Directions:
Repeat, word for word, all the data that follows, and exclude the pictures.

Data:
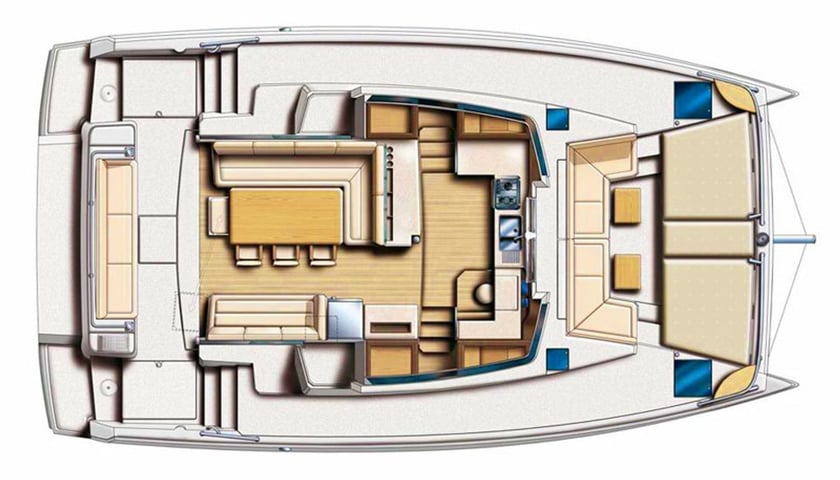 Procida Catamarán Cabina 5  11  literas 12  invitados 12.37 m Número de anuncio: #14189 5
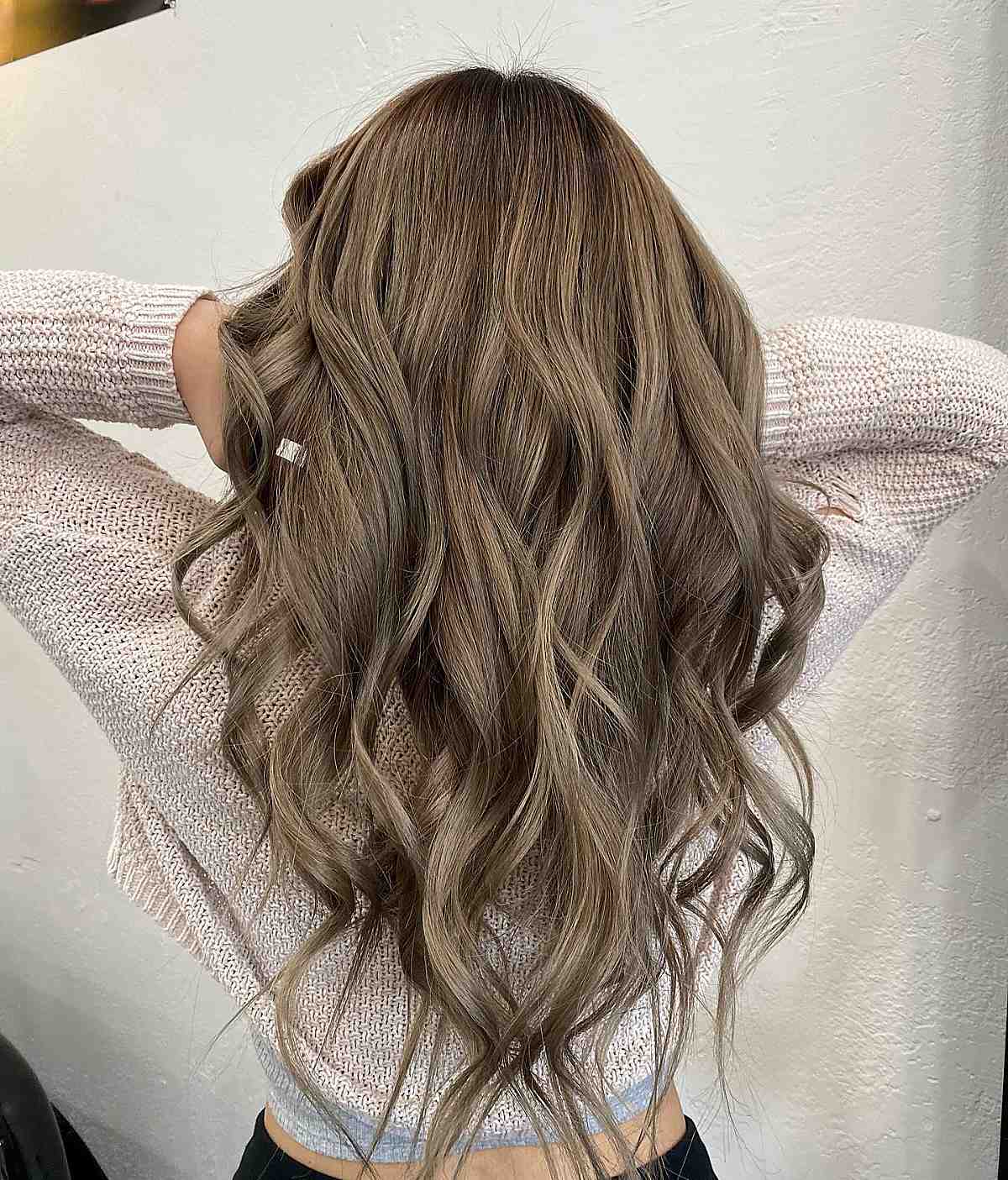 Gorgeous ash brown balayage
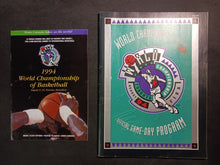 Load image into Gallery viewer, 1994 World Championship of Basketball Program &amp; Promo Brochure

Answer to this task:
 Procida Catamarán Cabina 5  11  literas 12  invitados 12.37 m Número de anuncio: #14189 5
 Gorgeous ash brown balayage
 Load image into Gallery viewer, 1994 World Championship of Basketball Program &amp; Promo Brochure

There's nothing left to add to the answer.